Our connections deepened after our daughter was born in March last year. She became a local celebrity and, thanks to her, we built new networks of friends. People in Turkey are so kind to children — and their tired parents. Rather than being made to feel like an imposition for taking a baby to a café or restaurant, it is more likely that a waiter will take your child from your arms and whisk them off to meet the entire staff.
It would be remiss not to mention the food. Over the years, I have slowly built up a mental map of Ankara’s best esnaf lokantaları: tradesman’s canteens serving up homestyle stews and casseroles.
At weekends, it is a point of principle to have at least one full Turkish breakfast of olives, cucumber, cheeses and menemen: eggs scrambled together with tomato and pepper. A favourite Sunday activity is to walk up to a small café near Ankara’s old kale (fortress) and then work off a large breakfast with a browse through the antique shops or a trip to the nearby art gallery Cer Modern.
In the city’s wealthier districts, there is also a vibrant scene of independent and alternative coffee shops. For a night out with friends, few places beat Afitap, a buzzing meyhane where I have spent many happy hours eating creative renditions of Turkish meze and washing it down with plenty of rakı: Turkey’s aniseed-flavoured national drink.
For all I love about Ankara, I cannot sugarcoat the political backdrop of the past seven years. When we first arrived in Turkey, in 2015, suicide bombings were so frequent that people would seek circuitous routes through the city to avoid busy areas where they might be blown up. An attack that killed six people two weeks ago in the heart of Istanbul was an alarming echo of that era.

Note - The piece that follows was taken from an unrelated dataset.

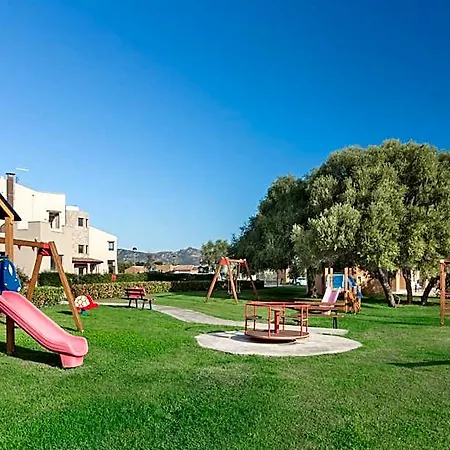 Terradimare Resort&spa
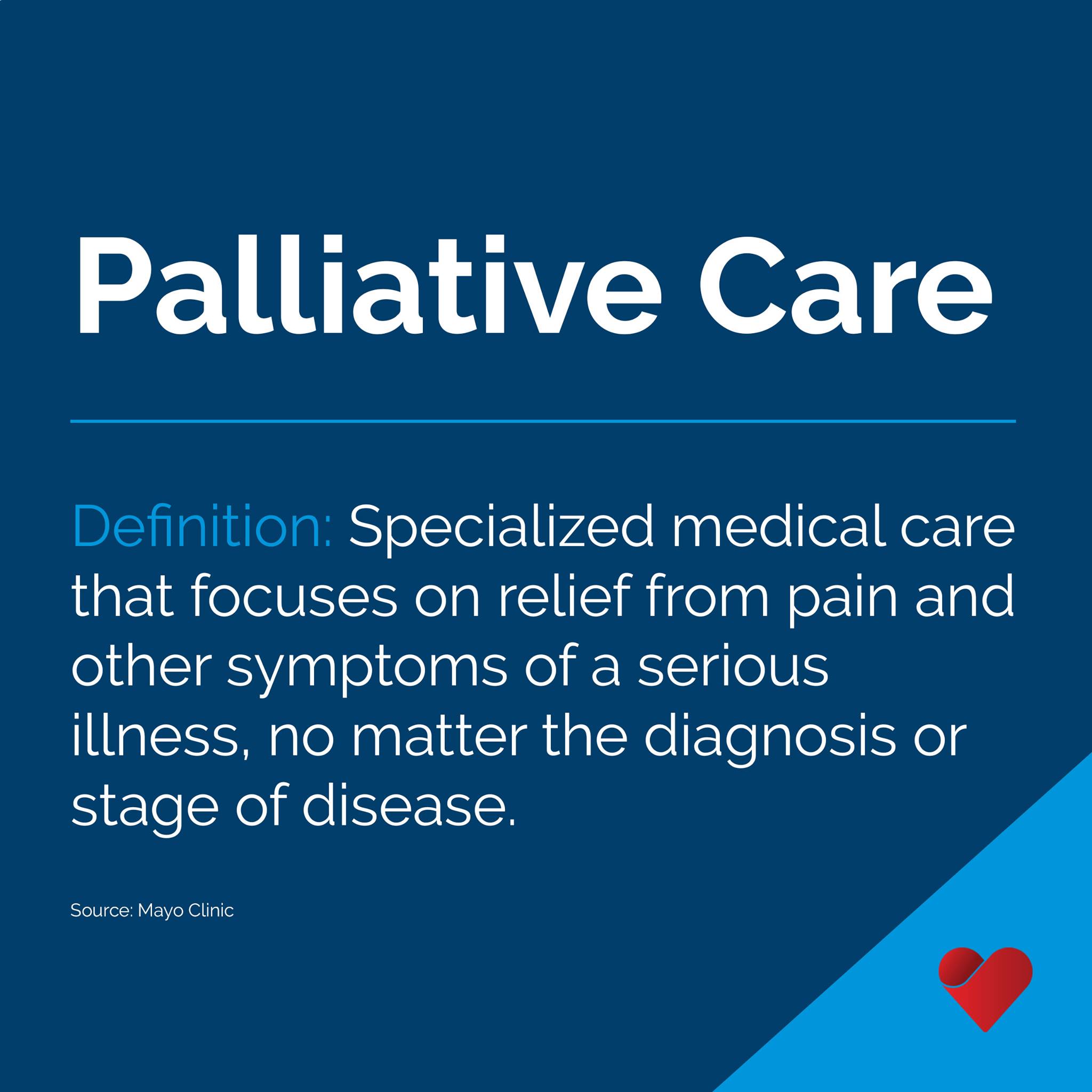 Definition Who Palliative Care – VKNC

In 2016, a violent coup attempt left 250 people dead, some mown down by tanks on Ankara’s streets. In its aftermath, President Recep Tayyip Erdoğan embarked on a ruthless crackdown that cast a dark cloud over the whole country.

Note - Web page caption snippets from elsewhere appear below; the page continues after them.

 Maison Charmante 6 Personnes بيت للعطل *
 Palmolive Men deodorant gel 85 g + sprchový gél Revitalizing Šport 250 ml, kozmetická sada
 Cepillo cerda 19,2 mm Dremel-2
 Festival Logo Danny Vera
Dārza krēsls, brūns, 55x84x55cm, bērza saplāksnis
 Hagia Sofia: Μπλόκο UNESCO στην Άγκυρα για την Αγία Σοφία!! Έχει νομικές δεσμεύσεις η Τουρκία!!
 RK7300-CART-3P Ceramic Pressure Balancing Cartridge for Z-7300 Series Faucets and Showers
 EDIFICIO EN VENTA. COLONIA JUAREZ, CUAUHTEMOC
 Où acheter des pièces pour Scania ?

Today, as well as facing restrictions on freedom of speech and assembly, millions of people are struggling to get by due to a collapse in the lira and annual inflation of more than 85 per cent.

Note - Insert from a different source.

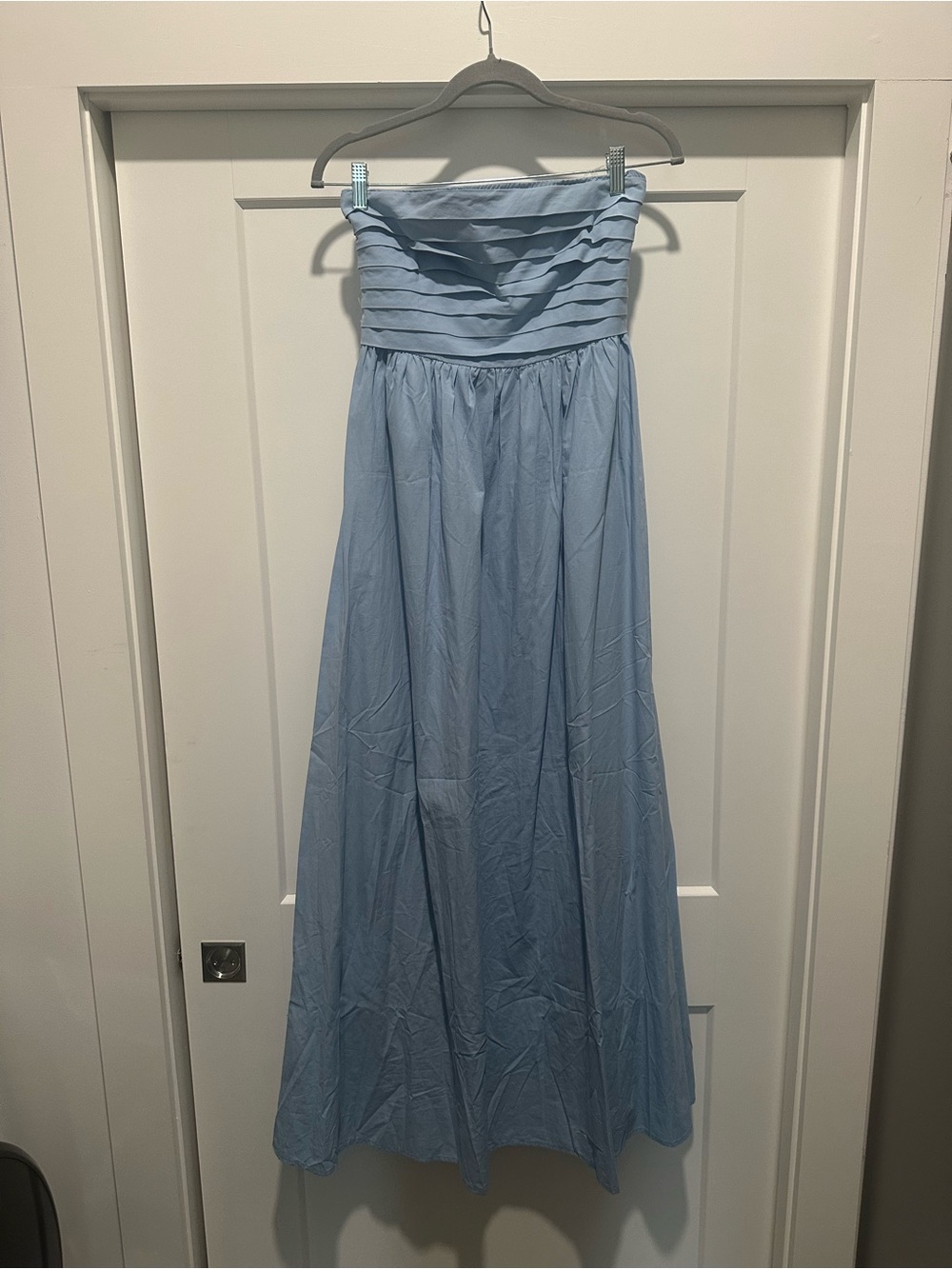 NWOT Pepper Mayo Tamia Maxi Dress - Picture 2 of 5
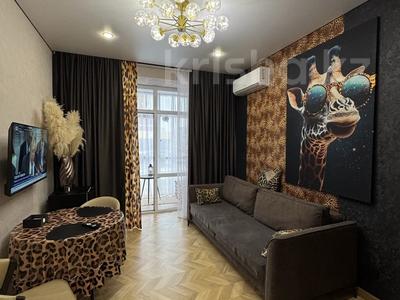2-комнатная квартира · 45 м² · 2/10 этаж, мкр Новый Город, Байкена Ашимова 13 за 23 000 ₸ в Караганде, Казыбек би р-н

I am acutely aware that, as someone paid in foreign currency, I have been largely sheltered from these savage economic conditions. My middle-class Turkish friends, meanwhile, have seen their purchasing power dramatically curtailed. The country’s poorest are increasingly facing poverty and hunger.
And yet, I find it remarkable how little the economic hardship is publicly visible. There is still almost no homelessness and little street begging — something that I think can be attributed to the strong family support networks that continue to prop up society even as it is pushed to breaking point. I continue to feel safe travelling not just around Ankara but across Turkey, often alone.
That is not to say that the capital is without its gritty or more edgy sides. There is a strong streak of leftwing and anti-establishment politics. A night in the stands at Ankaragücü, the city’s fiercely supported Super Lig football team, is not for the faint-hearted. In winter, in some of the most deprived districts, the air catches in your throat due to the coal still widely used by the poor to heat their homes.
Ezhel, the 31-year-old Ankaralı who has become Turkey’s most famous rapper, sums up his hometown in his 2017 song “Taste of My City” as “soot, rust, dirt, coal, plastic, garbage, tire, fumes, weed”.
While I would choose different descriptors, it is hard to describe Ankara as a whole as beautiful. Thoughtless development is rife. The elegant Art Deco train station, built in 1937, now sits in the shadow of a high-speed rail station that looks like a cross between a spaceship and a cruise ship. It is impossible to find aesthetic value in the Eskişehir Road, the main artery of the modern-day city lined with endless shopping malls.
This is the unattractive side of Ankara seen by daytrippers who are whisked in and out for a programme of meetings before rushing back to Istanbul, London, Berlin or Washington. They miss all the charm and verve of life here.
I love the ingenious taxi system. With thousands of push-buttons mounted on trees and lampposts across the city linked to taxi ranks, there is no need for Uber in Ankara: simply press the button and a taxi will be with you in minutes.
There is a vigorous trade in gossip thanks to the droves of politicians, diplomats, lobbyists and journalists living here. And the city embraces the Turkish spirit of spontaneity that allows you to set up a meeting, for business or pleasure, as little as an hour in advance. In Ankara, you can make it there on time. That is not something that can be said for Istanbul. With its population of 16mn and its unbearable traffic, the city has become increasingly unliveable.
I have long believed that it’s unnecessary to come down in favour of one or the other of Turkey’s two big cities. Each has its virtues and its flaws. I will forever love visiting Istanbul for work, tourism or fun. But it is always a joy and a relief to return to my adopted hometown. Let the Istanbullular enjoy the journey back to their sprawling megacity after coming to visit the capital. We Ankaralılar are happy to have the place to ourselves.